Magic comes in many forms, and in a sense is the opposite of habit.  The so-called ‘laws of nature’ that we respect, as though nature had a law-book, are possibly no more than habits of matter.  We sense magic when we see those ‘laws’ being broken.  We get excited when we see miracles, because we feel the elation of a potential escape from the trap of mundane, predictable existence.

We seek spirituality and religion on a similar basis.  We want life to be special, and not just routine.  We look to pop stars, writers, politicians and celebrities to supply us with stories of ‘specialness’.


Neither side of our unique characters is right on its own.  Our habit-forming side is correct that we need order, routine, and clear expectations.  But our magic-loving side is also right that we need a sense of yearning, a sense of beauty, a sense of something beyond the everyday.

In terms of mental health, if life is all routine and no awe, then we can sink into the doldrums of depression.  Equally, if life is all yearning and no controlled routine, then we can get lost in anxiety.

It’s our responsibility to find the right balance between our two sides.

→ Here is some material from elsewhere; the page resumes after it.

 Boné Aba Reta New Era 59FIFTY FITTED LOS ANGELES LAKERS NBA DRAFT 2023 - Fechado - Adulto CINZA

It is always worth looking at our days, to see how we could best design them for happiness.

We may notice that we are repeating too much of the same thing, trapped in a prison of our own making.  Or we may notice that we are lost in the search for stimulation and novelty.  The paradox of the latter is that the search for novelty can become just another routine.  The person who seeks ecstasy and magic in drugs or love affairs, can easily fall victim to addictions that are as boring and mundane as the life they are trying to escape.

Probably an 80:20 solution is good.  80% of our lives should probably be order, since we need to eat our meals, sleep at night, and maintain our surroundings.  And 20% of our lives should probably be inspirationally creative.  We can find this by building in variety and interest.

Here are 6 ways to encourage balance in the design of our days:

  1. HABIT – Use a diary to give each day a basic structure.
  2. HABIT – Eat three meals a day, so that the body knows its habits.
  3. HABIT – Build into each day a social routine, such as work, a phone call, or a visit to a friend.
  4. MAGIC – Set aside time each week to learn something new – discover new skills, new languages.
  5. MAGIC – Set aside time each week to visit people and places of interest.
  6. MAGIC – Set aside time each week to discover new music, art and literature.


Overall, we can watch ourselves, and check whether we have the right balance of habit and magic.

If life feels too stale, maybe we need more magic.

If life feels too overwhelming, maybe we need more routine.